Please give back each entry below unaltered, leaving the pictures out.

▶ SUPPLIED RECORDS:
- Opening Delimiter -
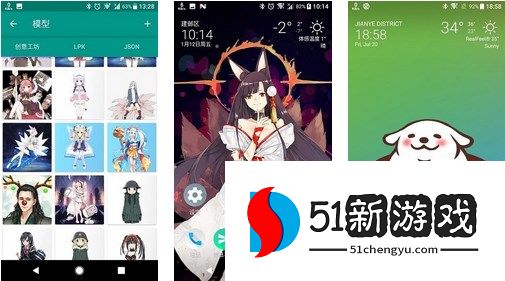 Live2DViewerEX手机版加载模型方法说明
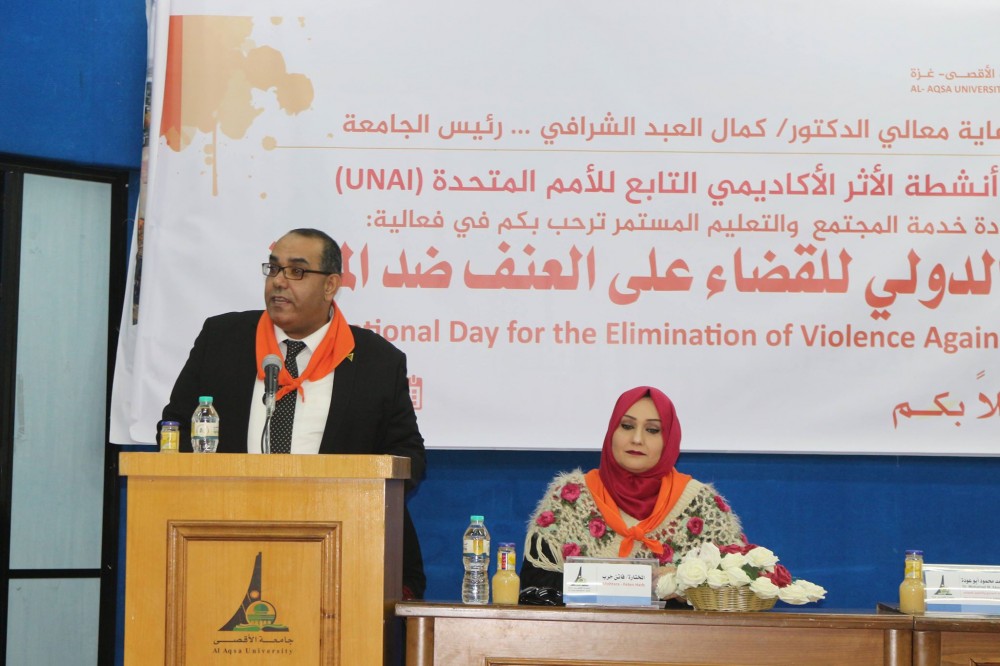 جامعة الأقصى تطلق حملة 16 يوم العالمية لمناهضة العنف ضد المرأة.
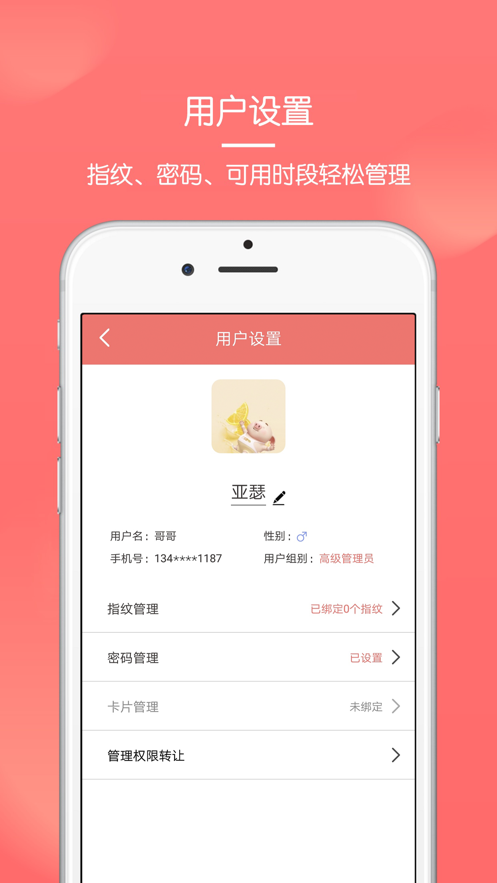 保仕盾智能app下载_保仕盾智能最新版下载v1.0.0 安卓版 运行截图1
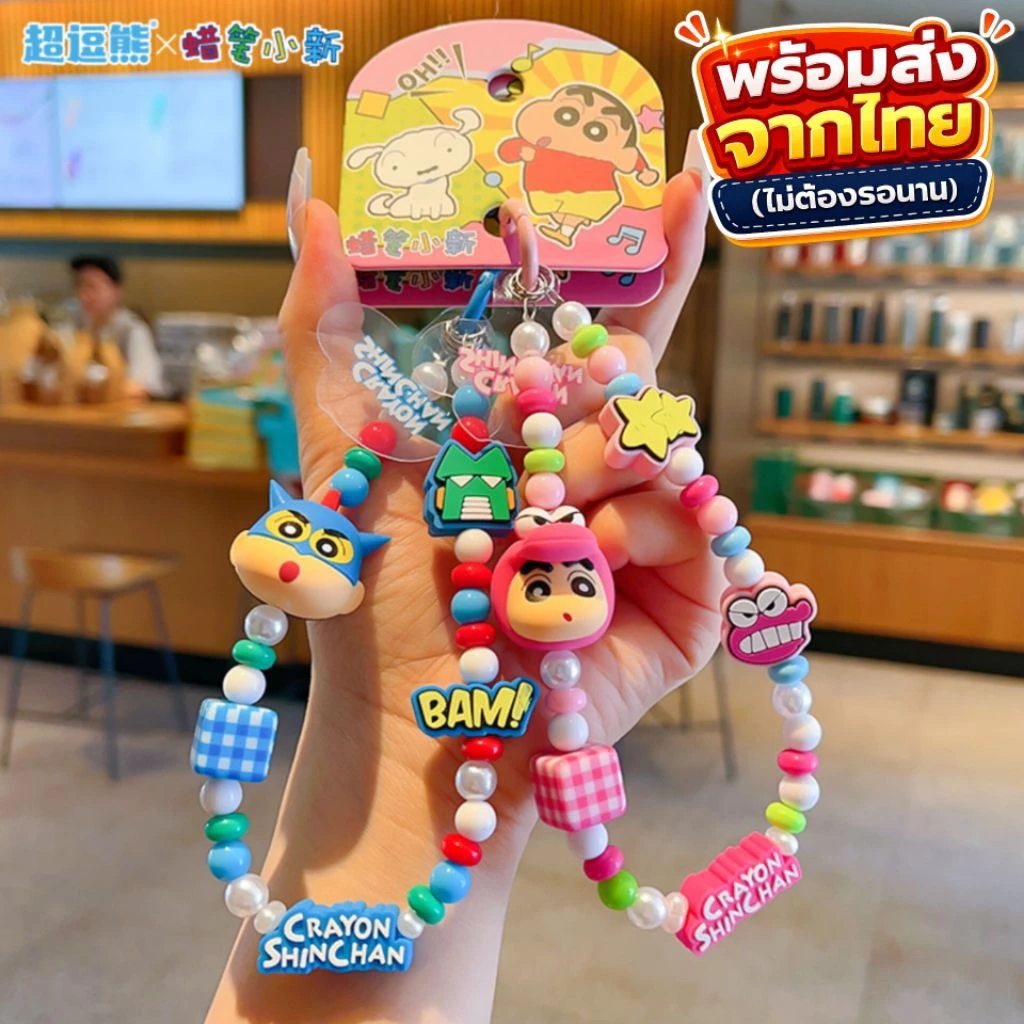 (ลิขสิทธิ์แท้) สายคล้องโทรศัพท์มือถือ, พวงกุญแจ, จี้/เครื่องประดับห้อย Crayon Shin-chan เครยอนชินจัง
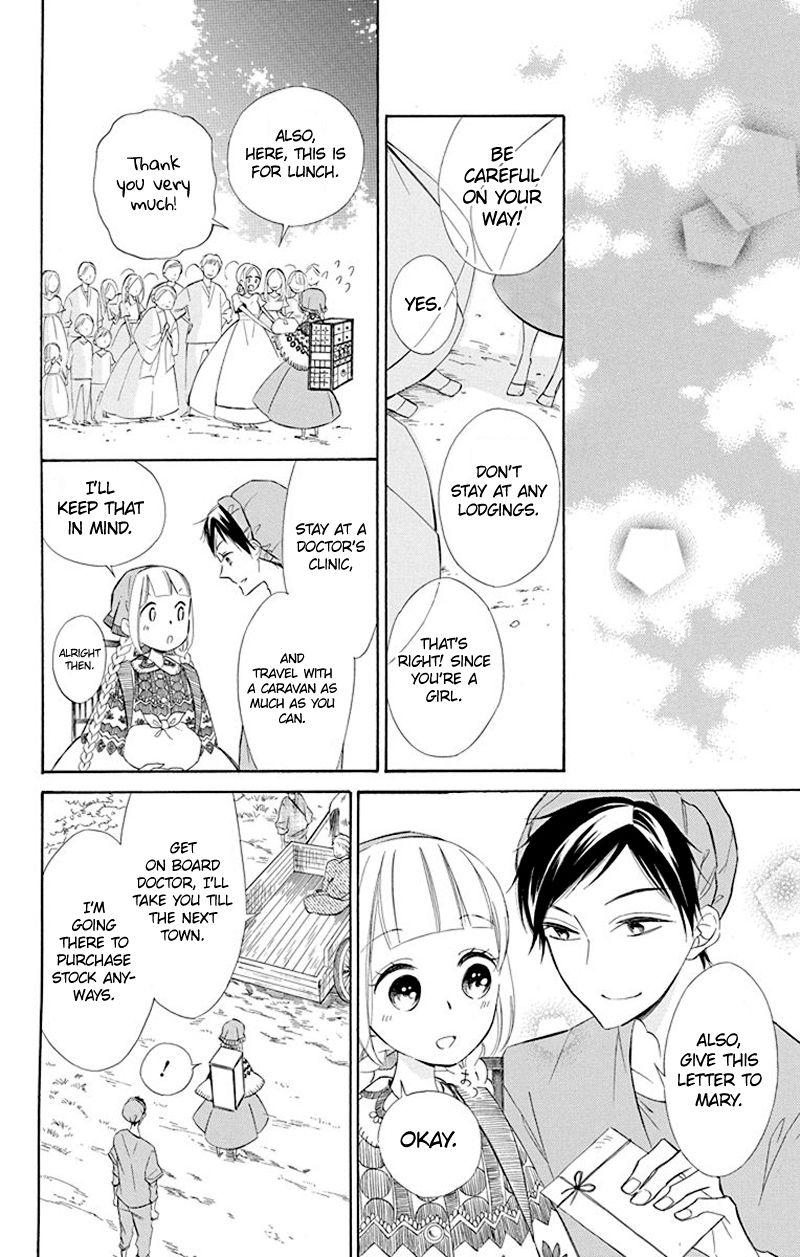 Page 26 of Chapter 33
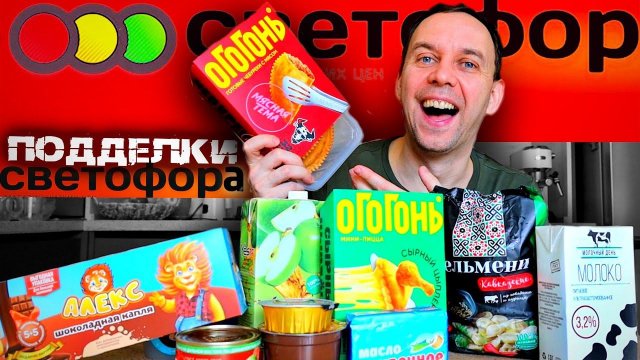 ПОДДЕЛКИ В СВЕТОФОР я в ШОКЕ ЧТО ЕДЯТ В РОССИИ 2024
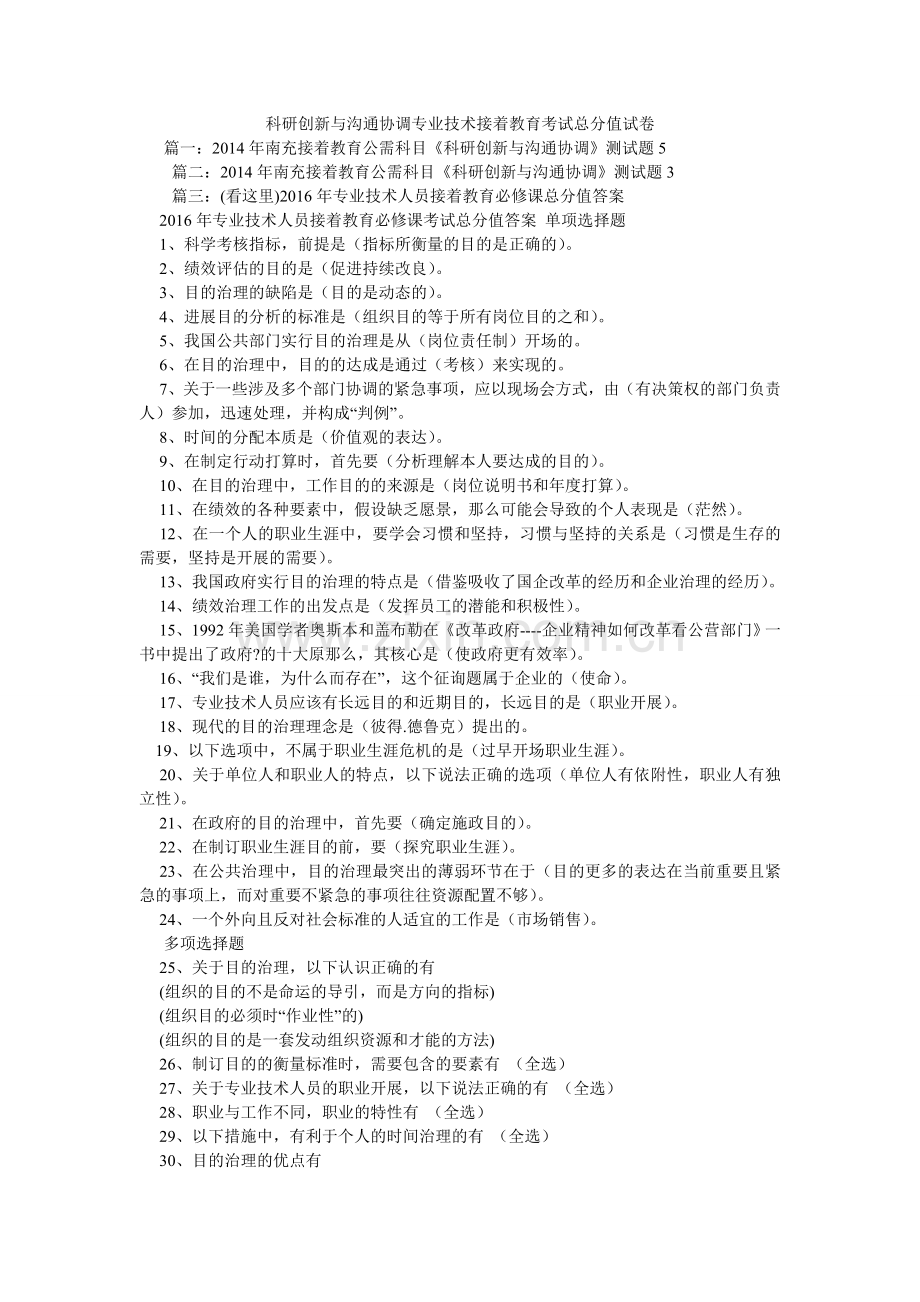 科研创新与沟通协调专业技术继续教育考试满分试卷.doc_第1页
- Closing Delimiter -
▶ YOUR SOLUTION:
 Live2DViewerEX手机版加载模型方法说明
 جامعة الأقصى تطلق حملة 16 يوم العالمية لمناهضة العنف ضد المرأة.
 保仕盾智能app下载_保仕盾智能最新版下载v1.0.0 安卓版 运行截图1
 (ลิขสิทธิ์แท้) สายคล้องโทรศัพท์มือถือ, พวงกุญแจ, จี้/เครื่องประดับห้อย Crayon Shin-chan เครยอนชินจัง
 Page 26 of Chapter 33
 ПОДДЕЛКИ В СВЕТОФОР я в ШОКЕ ЧТО ЕДЯТ В РОССИИ 2024
 科研创新与沟通协调专业技术继续教育考试满分试卷.doc_第1页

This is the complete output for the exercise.